Columbia Threadneedle: Höhere Staatsanleihen-Renditen durch Normalisierung der Geldpolitik

Freitag, 4. August Andauernde Spekulationen über die Normalisierung der Geldpolitik durch die Zentralbanken in Europa und Nordamerika haben die Anleiherenditen in den letzten Wochen und Monaten massiv steigen lassen.

Desgleichen sorgten das solide Gewinnwachstum, die sinkenden Kurs-Gewinn-Verhältnisse KGVs 2 und die Ausweitung der Spreads dafür, dass Aktien und Unternehmensanleihen von ihren überteuerten Niveaus auf durchschnittliche oder nur leicht überdurchschnittliche Niveaus gesackt sind. Entsprechend liefert seine Richtung positiv eine Stütze für riskante Anlagen, seine Veränderung Verlangsamung dagegen nicht. Unternehmensanleihen dagegen könnten unter dem von steigenden Staatsanleihenrenditen und Zinssätzen ausgeübten Druck leiden.

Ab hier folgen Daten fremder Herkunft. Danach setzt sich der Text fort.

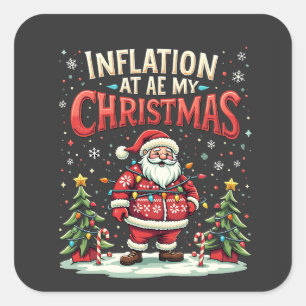 Inflation Ate My Christmas Funny Santa Economy Square Sticker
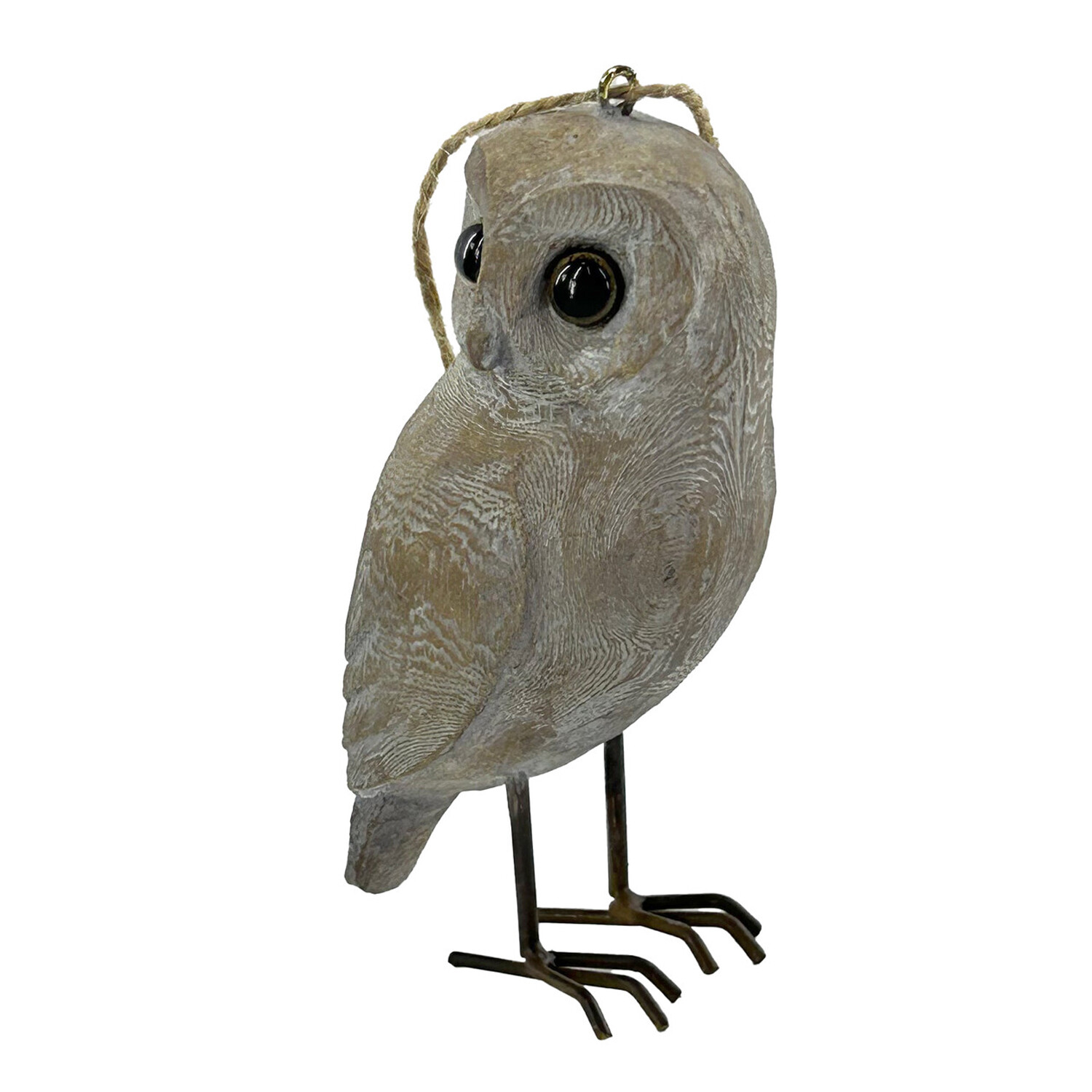 Wood Effect Carved Owl Standing Decoration Image 6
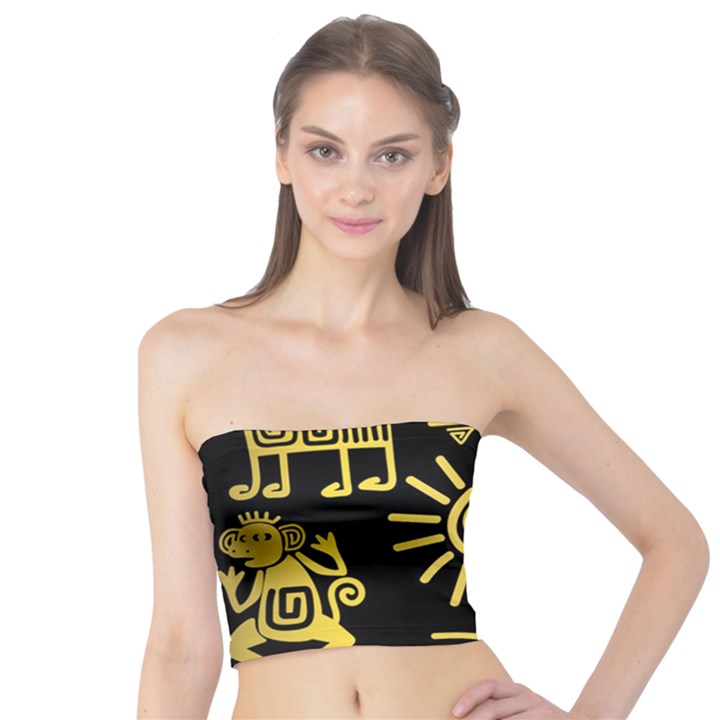 Maya Style Gold Linear Totem Icons Tube Top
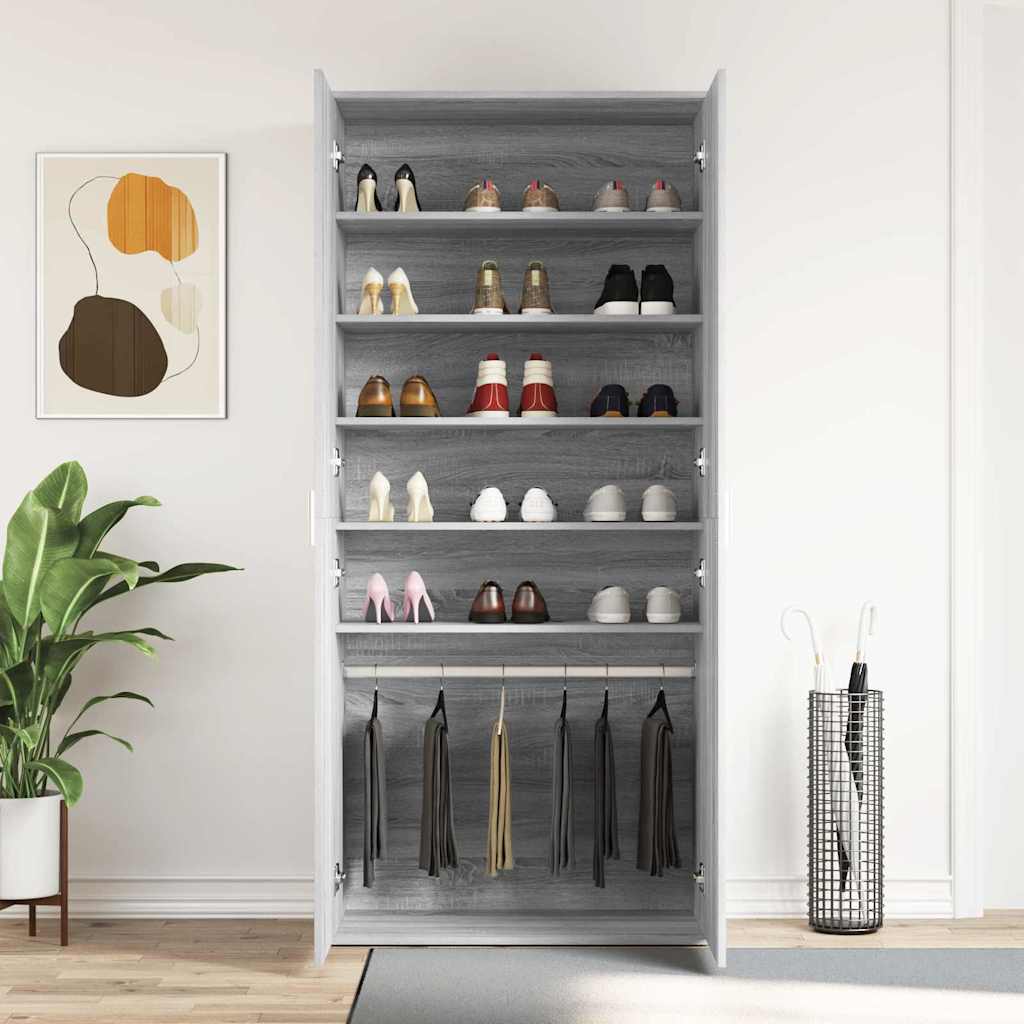 Schuhschrank 80 x 39 x 178 cm Holzwerkstoff Graues Sonoma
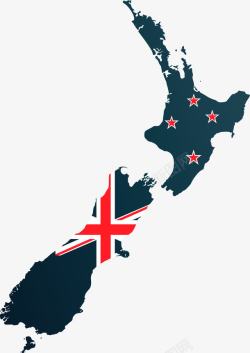 新西兰地图上的国旗素材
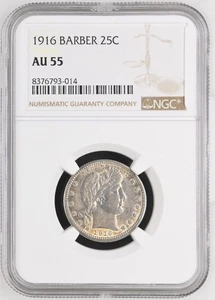 1915-D Barber Quarter AU55 NGC – Sharp Details, Attractive Natural Luster - Picture 1 of 2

Warum begibt Buffetts Berkshire gerade jetzt 30-jährige Anleihen?

von Merck & Co (US-Core Holding) stehen Anfang an. UNICREDIT (peripherer Wert): Der aktivistische Hedge-Fonds Caius erhöht den Druck auf das Management zur Umwandlung hy -.

Unsere vorsichtige Emittentenauswahl gibt uns in der aktuellen Marktphase recht. Ein Trend der sich schon seit Jahresbeginn abzeichnet. Schoellerbank StrategieRunde - Protokoll Konventionelle Anleihen Neutral Angesichts der Zinswende und des Niedrigzinsumfeldes positionieren wir uns mit vorsichtig kurzer Restlaufzeit von knapp 4 Jahren.

Wir setzen auf eine Normalisierung und profitieren mit Inflationsanleihen von einem Puffer gegen steigende Zinsen. Den Schwerpunkt der Strategie bilden Staatsanleihen aus Kerneuropa. Das Niedrigzinsumfeld erschwert neue Strukturierungen stark. Verglichen mit dem Gesamtmarkt sind unsere Aktientitel weniger verschuldet und profitabler.

Die verbesserte Situation am Arbeitsmarkt habe die kanadische Zentralbank Anfang Juli wiederum in die Lage versetzt, die Zinsen zu erhöhen. Auch die Entwicklung von Unternehmensanleihen werde von den steigenden Staatsanleihenrenditen belastet.

Spekulative Anlagen, darunter Schwellenländeranleihen, schnitten besser ab und sorgten so trotz der durchwachsenen Performance am Aktienmarkt und der anhaltenden Schwäche der Rohstoffpreise für Gewinne.

In den USA, wo sich die Inflation seitwärts zu bewegen scheint, ist das zwar möglicherweise nicht der Fall. Infolgedessen hält der Experte an einer Short-Positionierung in den Industrieländern fest: Dort haben wir nach dem Brexit-Referendum von steigenden Renditen profitiert. Auch in den Schwellenländern sieht Haywood nach wie vor Potenzial: Mexiko ist unser bevorzugter Markt.

Wir erwarten, dass sich Anleiherenditen sowie Zinssätze stabilisieren und daher sinken werden, da die Straffung der Geldpolitik vorüber zu sein scheint. Globale Hochzinsanleihen — Gewinner des verlorenen Jahrzehnts: Hochzinsanleihen führen die Tabelle der besten Anlageklassen im Rentensegment der letzten zehn Jahre an, wie in der Grafik unten ersichtlich ist.

Die beste hochverzinsliche Anlageklasse liegt jedoch in Europa: Zahn Jahre später hat sich die Währung im Vergleich zu Dollar und Euro immer noch nicht vollständig erholt. Einige Anleger fragen sich jedoch, ob das Umfeld mit moderatem Wachstum und niedriger Inflation, das Hochzinsanlagen in den letzten zehn Jahren antrieb, nachhaltig ist. Manche bezweifeln das und argumentieren, dass das Wachstum umfassender ausfallen muss, damit es weiter anhalten kann.

Wie in der Grafik ersichtlich, haben Anleger in den letzten zehn Jahren insgesamt gut abgeschnitten, für jene mit Erwerbseinkünften in den USA lief es allerdings nicht ganz so positiv. Einige schauen immer noch mit Zorn zurück und der Populismus ist obenauf. Bestimmte Medien spekulierten diese Woche, dass Kontrahenten der Konservativen Partei einen Führungswechsel anstreben, um einen Brexit-Deal mit weniger Abstrichen zu erreichen.